# Online Photography Courses



## Bobw235 (Jan 4, 2016)

As I started thinking about my upcoming "2nd act", I thought it might be interesting to take a photography course.  I want to learn more about the hobby I've embraced.  Has anyone ever taken photography courses online?  Alternatively, has anyone taken a class at a local college or university?

The online route seems the most convenient for me.


----------



## Ameriscot (Jan 4, 2016)

I know there are many online courses but I haven't taken them.  When I bought my DSLR in 2011 I bought some books to learn about lighting, speed, etc.  Also a couple of books on creative photography.  A course would be a good idea, so I guess online reviews would be the best bet to finding one.  

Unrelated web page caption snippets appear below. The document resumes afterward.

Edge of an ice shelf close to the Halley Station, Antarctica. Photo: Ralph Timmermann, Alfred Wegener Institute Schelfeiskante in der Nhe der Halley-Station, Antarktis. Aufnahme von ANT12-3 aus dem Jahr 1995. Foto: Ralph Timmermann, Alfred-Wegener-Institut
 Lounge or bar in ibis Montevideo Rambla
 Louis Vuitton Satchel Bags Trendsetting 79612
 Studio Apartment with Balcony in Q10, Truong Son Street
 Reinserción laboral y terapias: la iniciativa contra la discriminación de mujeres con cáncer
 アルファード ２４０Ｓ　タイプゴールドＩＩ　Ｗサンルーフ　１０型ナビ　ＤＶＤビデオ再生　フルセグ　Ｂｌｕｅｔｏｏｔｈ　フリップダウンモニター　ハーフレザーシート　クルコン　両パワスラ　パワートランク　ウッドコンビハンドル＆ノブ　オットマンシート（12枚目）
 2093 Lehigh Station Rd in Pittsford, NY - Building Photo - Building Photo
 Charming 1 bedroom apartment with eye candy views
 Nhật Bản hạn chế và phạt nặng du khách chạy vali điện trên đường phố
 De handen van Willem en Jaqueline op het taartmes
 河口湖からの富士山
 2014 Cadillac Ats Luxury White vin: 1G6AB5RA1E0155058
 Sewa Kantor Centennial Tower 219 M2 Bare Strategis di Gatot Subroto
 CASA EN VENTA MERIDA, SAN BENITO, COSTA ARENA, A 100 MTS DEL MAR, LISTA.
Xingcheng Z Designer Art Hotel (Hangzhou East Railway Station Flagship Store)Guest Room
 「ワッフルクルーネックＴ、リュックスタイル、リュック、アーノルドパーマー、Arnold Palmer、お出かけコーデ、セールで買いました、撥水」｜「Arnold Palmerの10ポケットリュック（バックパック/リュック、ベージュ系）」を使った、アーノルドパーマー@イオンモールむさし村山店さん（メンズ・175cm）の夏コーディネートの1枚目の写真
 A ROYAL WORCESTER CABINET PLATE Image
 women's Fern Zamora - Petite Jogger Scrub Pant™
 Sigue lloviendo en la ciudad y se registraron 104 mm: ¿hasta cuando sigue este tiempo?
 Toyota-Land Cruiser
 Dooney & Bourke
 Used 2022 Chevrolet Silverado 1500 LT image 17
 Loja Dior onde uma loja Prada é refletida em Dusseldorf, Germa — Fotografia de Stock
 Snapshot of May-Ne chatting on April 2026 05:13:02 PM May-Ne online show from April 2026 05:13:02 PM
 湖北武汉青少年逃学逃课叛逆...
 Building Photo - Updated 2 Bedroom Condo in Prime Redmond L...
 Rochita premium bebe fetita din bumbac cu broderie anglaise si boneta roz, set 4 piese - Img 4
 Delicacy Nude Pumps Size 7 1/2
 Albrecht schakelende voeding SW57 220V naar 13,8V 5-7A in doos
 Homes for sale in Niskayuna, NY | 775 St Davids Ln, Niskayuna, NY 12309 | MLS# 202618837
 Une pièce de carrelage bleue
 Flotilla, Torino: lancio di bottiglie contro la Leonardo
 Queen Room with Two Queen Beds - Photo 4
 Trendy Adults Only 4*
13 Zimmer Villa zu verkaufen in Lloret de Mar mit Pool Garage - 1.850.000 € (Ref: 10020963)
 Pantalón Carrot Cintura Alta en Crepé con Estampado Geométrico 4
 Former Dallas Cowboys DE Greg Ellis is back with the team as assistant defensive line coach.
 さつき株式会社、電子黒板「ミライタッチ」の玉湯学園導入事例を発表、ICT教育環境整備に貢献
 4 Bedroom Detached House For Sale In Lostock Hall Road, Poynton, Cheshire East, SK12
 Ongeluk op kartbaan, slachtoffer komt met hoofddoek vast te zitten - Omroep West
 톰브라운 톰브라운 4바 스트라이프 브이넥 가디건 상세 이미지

When you've made some progress I recommend joining one of the photo a day sites.  You get good feedback and you have to think about what you'll photograph everyday, which will make you more creative.  http://365project.org/


----------



## littleowl (Jan 7, 2016)

You will learn more by reading the book that comes with it and experimenting.


----------



## Denise1952 (Jan 11, 2016)

I don't know if I will ever continue with my experimentation, but I have looked at books, videos, and photo forums.  I think a class would help me "focus" lol  I need someone to lead me step by step.  Setting a camera for a shot is one of the hardest things I've ever attempted.  I don't know that I have the time to do "enough" experimenting left, LOL!!


----------



## Bobw235 (Jan 12, 2016)

I think a course will benefit me, though one must learn how to take advantage of all the features built into today's cameras.  The manual for my current camera was well over 100 pages.  I'm more interested in learning how to shoot different kinds of photos and use various accessories such as lens filters, lighting, different types of lenses, etc.  I want to learn more about macro photography, street photography, portraits and more.  My first love is landscapes and there is so much more to learn in that area alone.  Then there's the whole subject of post-processing using software.  I think I'll have plenty to keep me busy.


----------



## Denise1952 (Jan 12, 2016)

Sounds good Bob.  I am mostly about macro, love it!!  But would like to have a good handle on getting all the settings figured out, for any type of shot.  I don't know that I'll be able to take a class, but hope to at least "get out there" and try some things for now  For me, it will be the basic "point and shoot" camera, although my newest one has lots of settings.  It's a Fujifilm Finepix S w/24x Zoom.  That zoom is useless to me because whenever I zoom in on something, it blurs.  Haven't figured that out at all.

Anyone wanting to help with explaining some things to me, I'm all ears


----------



## rider1046 (Feb 7, 2016)

lynda.com is all you need, and very affordable.


----------